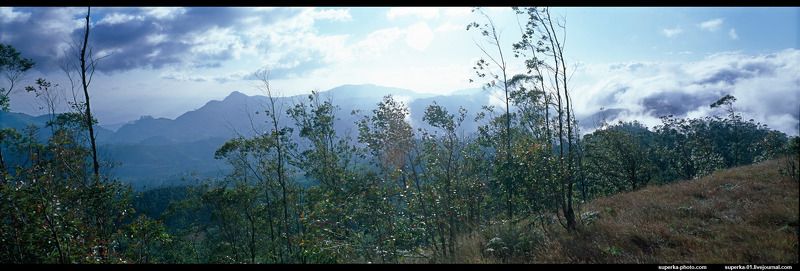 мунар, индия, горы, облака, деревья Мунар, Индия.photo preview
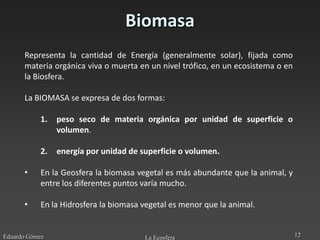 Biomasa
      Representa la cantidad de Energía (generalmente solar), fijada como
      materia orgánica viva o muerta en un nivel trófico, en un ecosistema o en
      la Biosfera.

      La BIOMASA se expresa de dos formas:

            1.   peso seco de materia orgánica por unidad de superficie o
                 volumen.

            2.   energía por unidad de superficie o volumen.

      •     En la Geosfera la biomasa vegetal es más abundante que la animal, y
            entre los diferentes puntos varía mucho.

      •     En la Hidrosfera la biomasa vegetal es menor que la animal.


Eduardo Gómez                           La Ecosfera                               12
==========
What you should do: Down to the last line, print the material exactly, but not its pictures.

Answer to this problem:
 мунар, индия, горы, облака, деревья Мунар, Индия.photo preview
 Biomasa
      Representa la cantidad de Energía (generalmente solar), fijada como
      materia orgánica viva o muerta en un nivel trófico, en un ecosistema o en
      la Biosfera.

      La BIOMASA se expresa de dos formas:

            1.   peso seco de materia orgánica por unidad de superficie o
                 volumen.

            2.   energía por unidad de superficie o volumen.

      •     En la Geosfera la biomasa vegetal es más abundante que la animal, y
            entre los diferentes puntos varía mucho.

      •     En la Hidrosfera la biomasa vegetal es menor que la animal.


Eduardo Gómez                           La Ecosfera                               12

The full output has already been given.